In her excellent book  Family Bonds: Genealogies of Race and Gender, Ellen Feder tells a “new tale” of race and gender in the United States. Moving beyond the truism that race and gender intersect, Feder “thinks together” these categories without conflating their different modes of production. To do so, she gives unique attention to a third figure—the family. According to Feder, although race and gender are experienced in inseparable ways, they are produced distinctly through the family. Mechanisms of gender act within the family, and mechanisms of race act upon it. To develop this position, provocative in its very simplicity, Feder “tells stories” using Michel Foucault’s method of storytelling—genealogy. From the postwar construction of the Levittown suburb to the diagnosis and treatment of gender identity disorder (GID) to debates over the federal government’s “Violence Initiative”—Feder’s stories illustrate the family’s central role in the construction of race and gender.
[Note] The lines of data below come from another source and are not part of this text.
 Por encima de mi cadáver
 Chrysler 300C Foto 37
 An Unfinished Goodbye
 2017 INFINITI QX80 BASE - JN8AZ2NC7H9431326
Family Bonds should find and fascinate a broad academic audience; Feder’s prose is clear and engaging, her arguments deft and accessible. Nevertheless, those readers familiar with Foucault, feminist theory, or critical race theory will find Family Bonds most exciting. In each field of inquiry, Feder makes bold contributions. For scholars of Foucault, Family Bonds is an original extension of [End Page 127] his genealogical project and an uncommon application of his account of power to questions of race. Feder’s stories illuminate and advance Foucault’s own. For scholars working in feminist theory and critical race theory, Feder’s interest in the family is as uncommon and fruitful as her Foucauldian method. Once the central object of Second Wave analyses, feminist theory has since shifted its attention away from the family. Returning and reshifting her focus, Feder traces and contests the family’s marginalization.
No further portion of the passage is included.